◆ **The data**:
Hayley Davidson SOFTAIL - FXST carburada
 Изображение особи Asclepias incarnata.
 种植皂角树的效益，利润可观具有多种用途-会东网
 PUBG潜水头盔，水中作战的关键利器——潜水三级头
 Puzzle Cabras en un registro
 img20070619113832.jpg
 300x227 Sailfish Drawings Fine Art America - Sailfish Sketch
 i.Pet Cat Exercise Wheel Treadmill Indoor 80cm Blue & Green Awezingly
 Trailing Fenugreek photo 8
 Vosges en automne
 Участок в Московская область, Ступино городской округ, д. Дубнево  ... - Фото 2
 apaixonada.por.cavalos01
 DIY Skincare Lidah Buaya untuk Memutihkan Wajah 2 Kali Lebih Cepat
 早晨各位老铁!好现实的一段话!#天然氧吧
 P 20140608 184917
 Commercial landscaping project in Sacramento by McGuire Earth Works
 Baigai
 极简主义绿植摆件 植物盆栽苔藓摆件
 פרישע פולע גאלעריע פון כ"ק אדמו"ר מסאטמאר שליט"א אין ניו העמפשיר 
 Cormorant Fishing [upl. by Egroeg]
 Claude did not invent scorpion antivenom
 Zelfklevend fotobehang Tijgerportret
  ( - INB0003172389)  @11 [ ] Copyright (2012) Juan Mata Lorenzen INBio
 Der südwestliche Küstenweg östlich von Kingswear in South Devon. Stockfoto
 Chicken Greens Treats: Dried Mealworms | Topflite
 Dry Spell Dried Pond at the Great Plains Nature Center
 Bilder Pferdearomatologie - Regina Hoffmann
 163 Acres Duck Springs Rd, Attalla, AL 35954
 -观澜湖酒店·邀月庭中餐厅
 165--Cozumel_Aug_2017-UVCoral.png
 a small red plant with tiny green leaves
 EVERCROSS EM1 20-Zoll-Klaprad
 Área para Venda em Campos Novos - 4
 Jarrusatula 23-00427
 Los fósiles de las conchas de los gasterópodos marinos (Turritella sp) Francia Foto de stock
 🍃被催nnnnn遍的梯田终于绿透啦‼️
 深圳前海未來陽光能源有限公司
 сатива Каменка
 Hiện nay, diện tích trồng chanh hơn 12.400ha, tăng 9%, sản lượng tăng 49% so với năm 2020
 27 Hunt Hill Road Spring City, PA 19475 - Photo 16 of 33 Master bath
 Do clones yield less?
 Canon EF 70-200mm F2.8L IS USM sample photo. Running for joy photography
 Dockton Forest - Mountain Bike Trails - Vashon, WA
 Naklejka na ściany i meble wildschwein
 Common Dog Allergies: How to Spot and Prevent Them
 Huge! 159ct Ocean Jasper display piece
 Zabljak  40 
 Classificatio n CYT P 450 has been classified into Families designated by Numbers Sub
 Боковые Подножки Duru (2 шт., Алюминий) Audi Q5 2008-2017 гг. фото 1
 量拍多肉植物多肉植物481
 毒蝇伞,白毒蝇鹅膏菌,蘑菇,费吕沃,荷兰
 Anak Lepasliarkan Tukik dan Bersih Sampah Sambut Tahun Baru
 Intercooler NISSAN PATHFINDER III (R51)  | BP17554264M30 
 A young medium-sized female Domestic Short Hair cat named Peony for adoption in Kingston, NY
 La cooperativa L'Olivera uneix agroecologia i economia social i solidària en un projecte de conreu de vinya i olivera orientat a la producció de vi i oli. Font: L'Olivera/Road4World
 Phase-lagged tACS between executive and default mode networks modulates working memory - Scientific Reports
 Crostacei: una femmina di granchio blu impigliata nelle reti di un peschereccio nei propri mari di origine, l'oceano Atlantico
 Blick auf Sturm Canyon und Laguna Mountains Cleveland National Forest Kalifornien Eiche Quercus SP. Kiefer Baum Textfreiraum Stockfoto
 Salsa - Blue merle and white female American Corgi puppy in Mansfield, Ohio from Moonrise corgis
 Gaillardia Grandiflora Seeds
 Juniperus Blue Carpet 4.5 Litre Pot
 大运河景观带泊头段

◆ **Goal of the exercise**:
Scan the records for lines with the word "Blue". Report how many, with no other words.

◆ **Exercise answer**:
3